The paper tackled the problem of limited performance in knowledge-intensive visual question answering by proposing MI-RAG, a multimodal iterative RAG framework that enhances retrieval and knowledge synthesis, resulting in significant improvements in retrieval recall and answer accuracy on benchmarks like Encyclopedic VQA, InfoSeek, and OK-VQA.

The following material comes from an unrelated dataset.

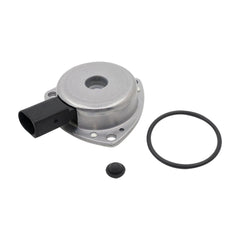 A2710510177 Camshaft Control Valve for Mercedes-Benz, 50+, high_margin - NexuParts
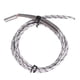 thumbnail image 1 of Cable Calefactor, Tubo Calefactor De 65W 24V 6x20mm Para Accesorios De Impresora 3D ANGGREK Otros, 1 of 8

Recent advances in Multimodal Large Language Models~(MLLMs) have significantly enhanced the ability of these models in multimodal understanding and reasoning. However, the performance of MLLMs for knowledge-intensive visual questions, which require external knowledge beyond the visual content of an image, still remains limited. While Retrieval-Augmented Generation (RAG) has become a promising solution to provide models with external knowledge, its conventional single-pass framework often fails to gather sufficient knowledge. To overcome this limitation, we propose MI-RAG, a Multimodal Iterative RAG framework that leverages reasoning to enhance retrieval and incorporates knowledge synthesis to refine its understanding. At each iteration, the model formulates a reasoning-guided multi-query to explore multiple facets of knowledge. Subsequently, these queries drive a joint search across heterogeneous knowledge bases, retrieving diverse knowledge. This retrieved knowledge is then synthesized to enrich the reasoning record, progressively deepening the model's understanding. Experiments on challenging benchmarks, including Encyclopedic VQA, InfoSeek, and OK-VQA, show that MI-RAG significantly improves both retrieval recall and answer accuracy, establishing a scalable approach for compositional reasoning in knowledge-intensive VQA.